We know nothing of Kurt’s backstory. He doesn’t seem like a bad person, per se — but he does seem like the kind who might have past reasons to expect zero leniency for an accidental crime. Ergo he decides not to call police or ambulance, instead loading the apparently dead girl’s body in his truck and covering up all evidence. We can understand (if not approve of) his choices, even when he realizes he’s made a terrible mistake, and in a panic makes it all very much worse.
Needless to say, Ivy is distraught when she returns from seeing a client to find her daughter missing. The police shrug it off as a probable runaway scenario. They also shrug off mom’s later insistence that she just wants to know who the killer is — because the genuine psychic abilities she thought she’d lost have now returned, leaving no doubt that her daughter is no longer alive.
While she receives discreet otherworldly signs, guilt-plagued Kurt gets increasingly blunt, alarming visitations from Echo, whose cheerfully tormenting spirit is hardly at rest. As subsequent seasons pass, Ivy closes in on the erratic-acting neighbor she already suspects, with a little help from a perilous occult pact undertaken to guarantee her maternal revenge.
That last element occasions some surreal imagery, as reality, dreams, and hallucinatory visions begin to blur for the adult protagonists. But despite that, as well as Trey Lindsay’s special visual/makeup effects, “Deeper” mostly works because of its unfussy simplicity of style and content, which recalls some early-1970s indie drive-in horror favorites without being self-consciously retro about it.
Another major plus are strong performances from the directors. Their vaguely nonconformist, middle-aged characters may not be fully explicated in the screenplay, but both thesps provide the kind of interesting shading that suggests they’ve thought these roles through and then some. Real-life daughter Zelda, also effective onscreen, gets a separate credit as co-director (her sibling Lulu sat out this Adams family joint after contributing to prior ones).
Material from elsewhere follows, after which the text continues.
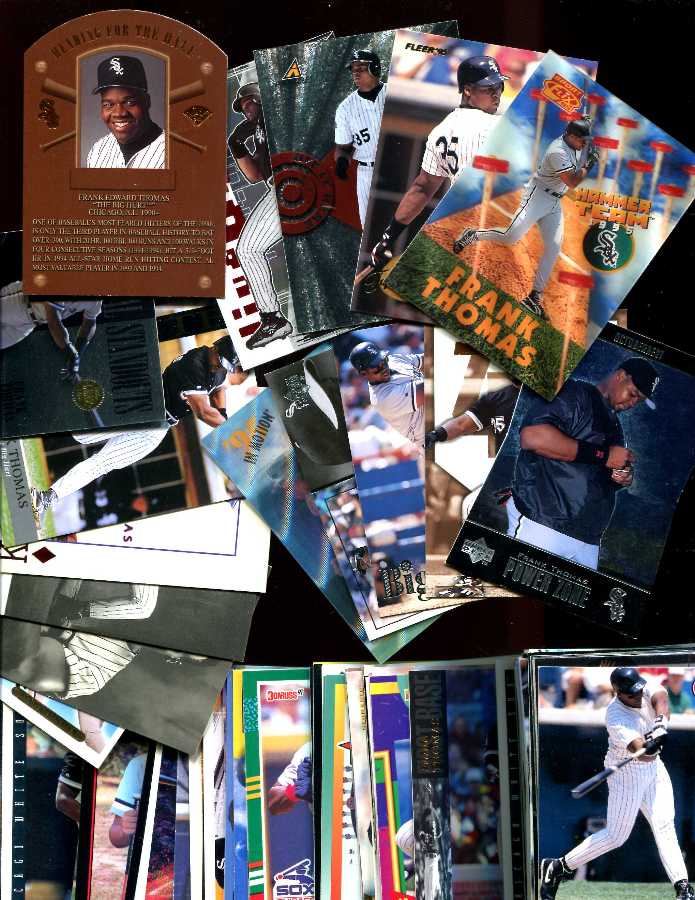 Frank Thomas  - COLLECTION (1991-1998) - Lot of (105) diff. with inserts  cards value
“The Deeper You Dig” — a title derived from hapless Kurt’s failure to keep Echo’s corpse out of sight, let alone mind — doesn’t quite make the leap from a pleasant minor surprise to something truly memorable. It reaches a point where narrative payoff or heightening of tension feel overdue, before abruptly going a little overboard with climactic gore and action. There are also smaller missteps, like the rather pat use of an old-timey “Ain’t We Got Fun?” rendition as creepy recurrent motif. (More successfully unsettling is John Adams’ own mostly-electronic original score.)
But if its sum impact is perhaps less than one might initially hope, “The Deeper You Dig” still has an offbeat atmosphere and integrity all its own — something that can’t be said for the vast majority of horror movies with plenty of rote jump scares but scant individual personality.